El retorno, al cual calificaba de maléfico, se iniciaría ya cerca del final: "Cuando me sobrevenga el cansancio del fin, me iré, como la grulla del refrán, a mi pueblo." Al viejo pozo regresará el niño que buscaba los vaticinios de la tortuga oculta entre las piedras húmedas y el hombre que declaraba: "No he buscado poder ni metal, más viví en una marcha nupcial. Me parece que por amar tanto voy bebiendo una copa de espanto." La dualidad funesta destruyó parte de su alegría, sin embargo, la certeza de que todo es gracia le permitió avizorar un paraíso ambiguo, un lugar de beatitud y de reposo.

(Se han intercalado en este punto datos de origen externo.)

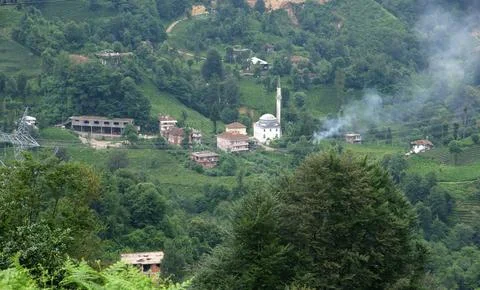 Rize, Turkey. Stock Photos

Inventor de palabras, creador audaz que no aceptaba frenos ni limitaciones, recuperó la visión de un país cuya identidad se encontraba en crisis. Por eso siendo un poeta personal, fue, y sigue siendo, un poeta social. Su obra cumple las funciones indicadas por Eliot: proporciona placer, comunica una experiencia nueva, interpreta lo ya conocido, expresa algo que todos ya hemos experimentado sin encontrar palabras para expresarlo, amplía nuestro conocimiento y madura nuestra sensibilidad. Mas, como el mismo Eliot, piensa que conviene que cada pueblo tenga su propia poesía. López Velarde fue uno de los iniciadores de la poesía moderna de los pueblos de habla castellana. Creo que nunca pensó que su obra alcanzaría tal rango. "Yo sólo soy un hombre débil, un espontáneo, que nunca tomó en serio los sesos de su cráneo." Su compromiso era con la poesía y sus palabras estaban comprometidas con la búsqueda amorosa. Su ciudad que "estaba dentro del más bien muerto de los mares muertos", crece, en la niebla para llamar a todos los que aman.

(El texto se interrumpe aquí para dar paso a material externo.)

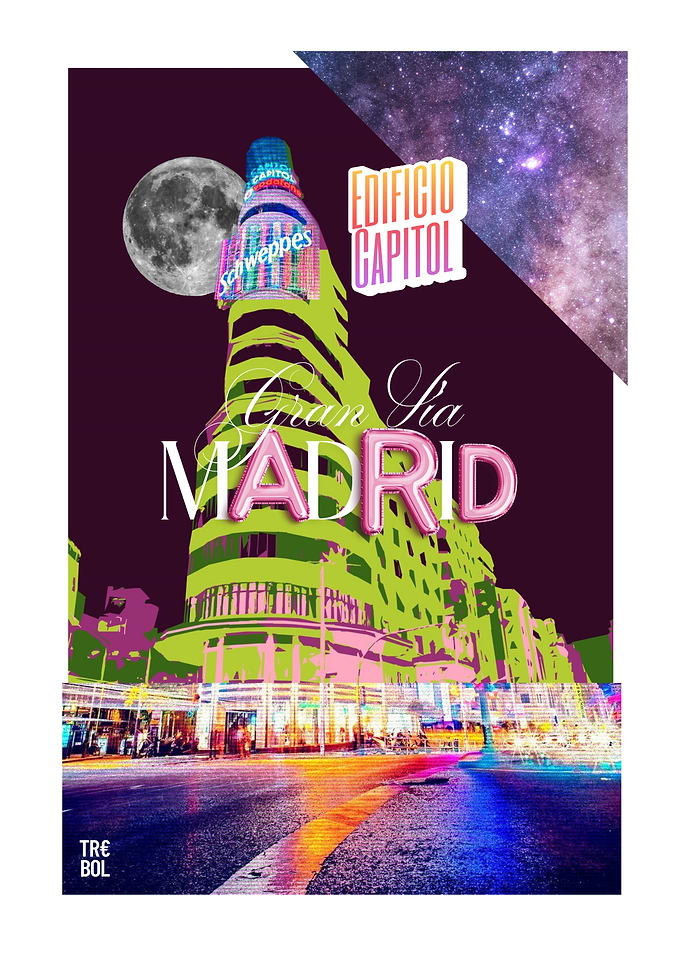 Edificio Capitol, Gran Via, Madrid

La madrugada del 19 de junio de 1921, murió de asfixia provocada por una neumonía, en un pequeño apartamento de la ciudad capital.

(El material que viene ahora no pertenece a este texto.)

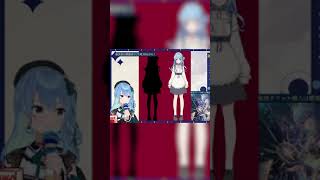 【再アップ】すいちゃんの新衣装予想イラストが全部かわいい All new outfits are KAWAII #shorts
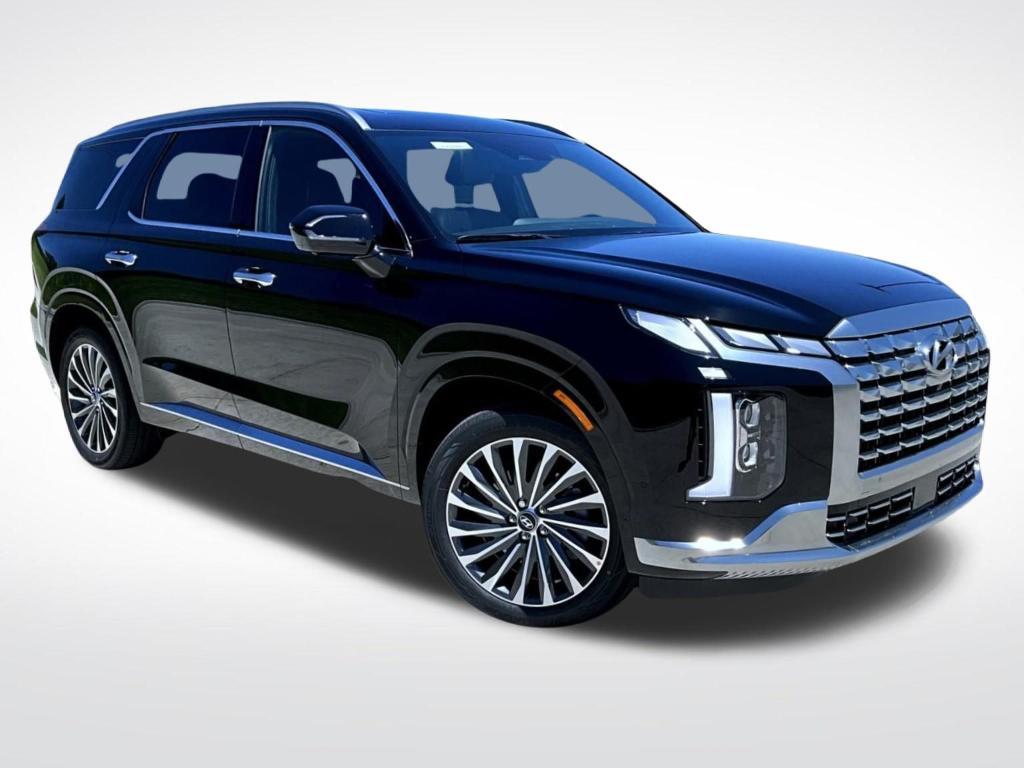 new 2025 Hyundai Palisade car, priced at $52,879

Ya no pudo decir: "Siempre que inicio un vuelo por encima de todo un demonio sarcástico maúlla y me devuelve al lodo".

En ese lodo está la Rosa intacta, a ella regresó, regresó "al perímetro jovial de las mujeres". Su rosa intacta inauguró la poesía moderna en la sombra de una alcoba submarina, la misma de las nupcias con Fuensanta, de la flexible Sara, las Náyades arteras, las Jerezanas, institutrices de su corazón. La alcoba de Eros, de la vida y de la palabra que preserva la vida.